The official mandate of the RBA is:

“to contribute to the stability of the currency, full employment, and the economic prosperity and welfare of the Australian people.”

In the years since the RBA first set it’s inflation target of 2 per cent to 3 per cent annually in 1993, it has not been confronted with a sustained resurgence in inflation and a significant rise in unemployment at the same time.

The big question for Governor Michele Bullock and the RBA Board is what do they do if uncomfortably high inflation remains entrenched, while unemployment continues to rise.

On this there is no hard guide, no concrete standard that tells the Reserve Bank whether they should prioritise containing inflation or attempting to support the labour market.

Currently economists, the major banks and the market are removing rate cuts from their outlook, with some believing the rate cut cycle is already over and the market currently pricing in one more toward the middle of next year.

But if unemployment was to rise significantly and continue on a concerning upward trend, pressure would mount on the Reserve Bank to cut rates, regardless of inflationary pressures.

There is also the question of a potential serious economic downturn or perhaps even a recession, how would that factor into the balancing of the various elements of the RBA’s mandate?

It would take a very brave RBA Governor to keep rates steady as jobs were lost and the economy fell into a recession.

We can perhaps draw some insight on the issue from the actions of the Bank of Canada (BOC), the Canadian equivalent of the RBA.
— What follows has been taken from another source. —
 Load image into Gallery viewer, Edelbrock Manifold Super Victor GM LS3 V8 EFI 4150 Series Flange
With annual core inflation currently at 2.8 per cent, significantly higher than the desired 2 per cent of the BOC’s target midpoint, Canada faces major resurgent inflation issues of its own.
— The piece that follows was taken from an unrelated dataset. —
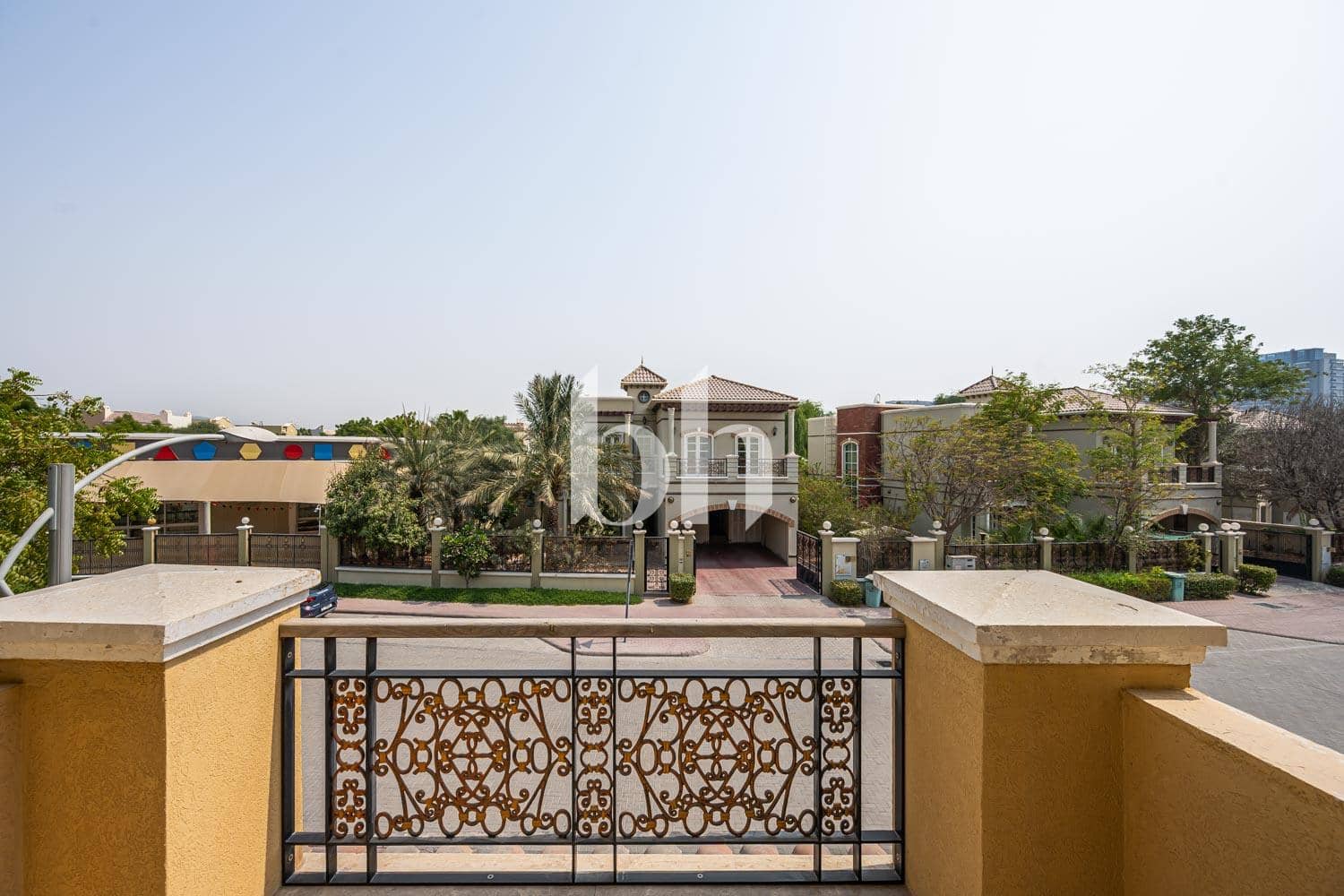 3 Bedroom Villa in Gallery Villas - photo 1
Yet that hasn’t stopped the BOC from cutting interest rates.

(Source: Bank of Canada) (Source: Bank of Canada)

Amidst a 2.3 percentage point rise in unemployment since it’s cycle lows in July 2022, the Bank of Canada has made three 0.25 percentage points cut to its cash rate despite resurgent inflation.

In the latest instance last week, the BOC cut rates despite core inflation being 0.8 percentage points above its targeted midpoint.

Currently the Australian economy is in need of a positive catalyst, something that will boost the fortunes of the labour market, but at the same time not put significant upward pressure on inflation.

At this point there isn’t one expected on the horizon.

On the other hand, government could once again take to driving employment growth with government funded jobs, but with various states currently pursuing budget repair, the heavy lifting would have to increasingly be done by the federal government.

Ultimately, if the economy continues on the current path the Australian people face some challenges ahead and the RBA would face its own trial in choosing what it sees as the lesser of two evils.